Step by Step Development
Use "group" to separate the items
This solution depends on the "group" function in the Data.List library. We begin with the definition:
short x = group x
This gives us:
*> short "aaaavvvddd"
["aaaa","vvv","ddd"]
Use "head" to return only the first element
Once we have the the elements in a list, we want only the first item of the list. We achieve this using "head":
short x = (head . group) x
"." is the Haskell function for function composition. It's the same as:
short x = head (group x)
or
short x = head $ group x
This will give us:
*> short "aaaavvvdd"
"aaaa"
*> short "dddddddddddddd"
"dddddddddddddd"
Use "take" to get the first nine characters
We finish the program by taking only the first nine characters of this result, and end up with our final function. To do this, we use the "take" function from the prelude:
short x = (take 9 . head . group) x
We now have the result that we wanted, but with one minor problem.

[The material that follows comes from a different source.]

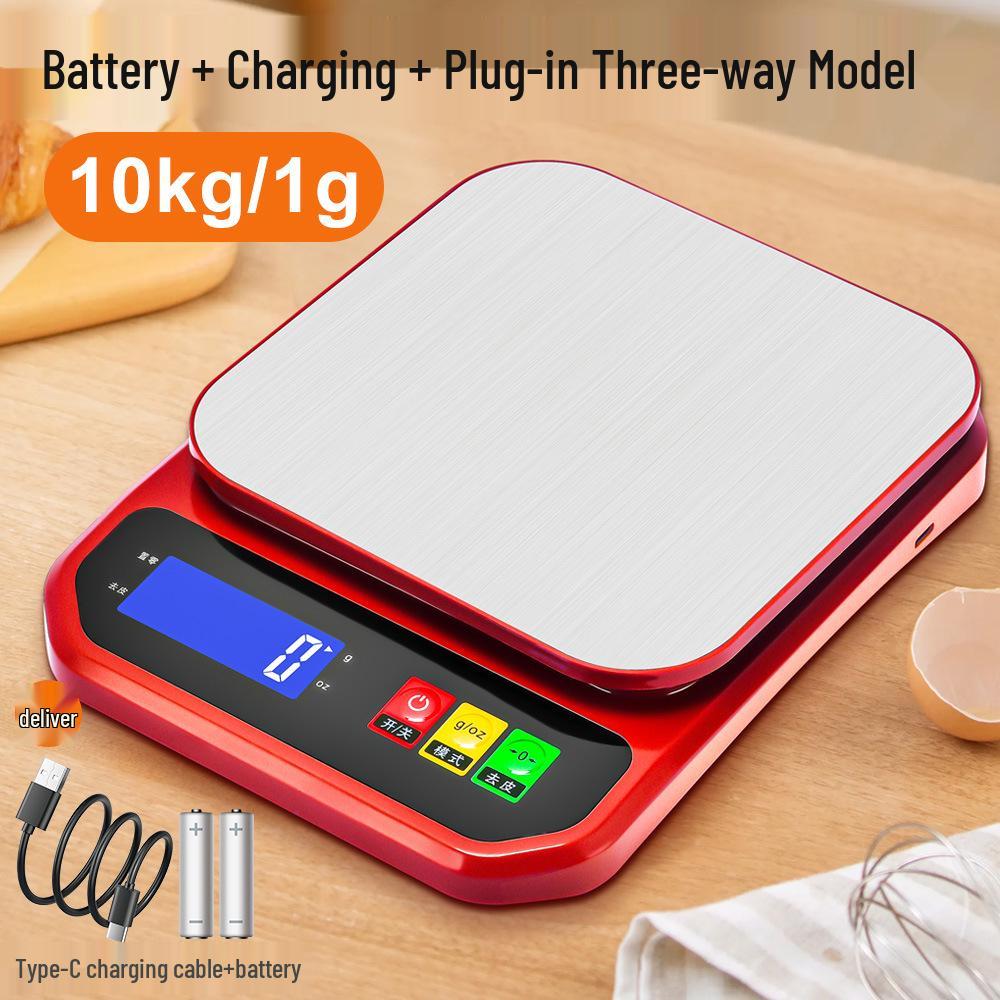 Stainless Steel Electronic Kitchen Scale for Baking and Coffee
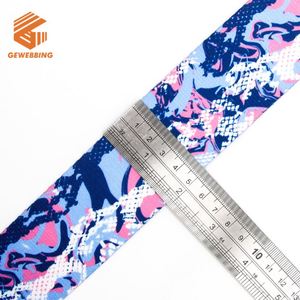 สายรัด RPET แบบสั่งทำจากโรงงาน สายรัดทอจากวัสดุรีไซเคิล พิมพ์ลายด้วยความร้อน สายรัดโพลีเอสเตอร์สำหรับรองเท้า หนา 1 มม. - Product Image 6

Add another case to eliminate the error
Note that using our current definition on the empty list causes an error,
*> short "aaaavvvddd"
"aaaa"
*> short ""
"*** Exception: Prelude.head: empty list
Because "head" is undefined on the empty list, we need to handle another case: the empty list. Now we have:
short [] = []
short x = (take 9 . head . group) x
This is our "final answer".
Here is another version:
short xs = take 9 $ takeWhile (== head xs) xs
So we take from the list as long as the content equals the head of list (which is the first char of the string). Then we use take to shorten the result when necessary.

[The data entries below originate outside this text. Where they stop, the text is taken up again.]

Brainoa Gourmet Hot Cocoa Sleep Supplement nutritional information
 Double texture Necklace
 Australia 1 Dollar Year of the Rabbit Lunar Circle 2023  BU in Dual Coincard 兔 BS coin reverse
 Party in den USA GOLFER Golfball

Note that we don't need an additional case for empty strings, which is a consequence from Haskell's lazyness: If takeWhile sees that the list argument is empty, it doesn't bother to evaluate the condition argument, so head xs doesn't throw an error.
Here's a definition:
import Data.List (group)
short = take 9 . head . group
Interestingly enough, since our returned string is a prefix of the original string, and is constrained to be at most 9 characters long, it doesn't matter whether we trim down to that limit first or last. So we could also use this definition:
short = head . group . take 9
Both of these are written in the "pointfree" style which doesn't reference a lack of punctuation, but a lack of unnecessary variables. We could have also written the definition as
short s = take 9 (head (group s))
Or, using $ to get rid of parentheses:
short s = take 9 $ head $ group s
The only other step is to extract only the first block of matching characters, which is what head . group does (equivalent to your chomp function).
From the docs:
group :: Eq a => [a] -> [[a]]
The group function takes a list and returns a list of lists such that the concatenation of the result is equal to the argument. Moreover, each sublist in the result contains only equal elements. For example,
group "Mississippi" = ["M","i","ss","i","ss","i","pp","i"]
It is a special case of groupBy, which allows the programmer to supply their own equality test.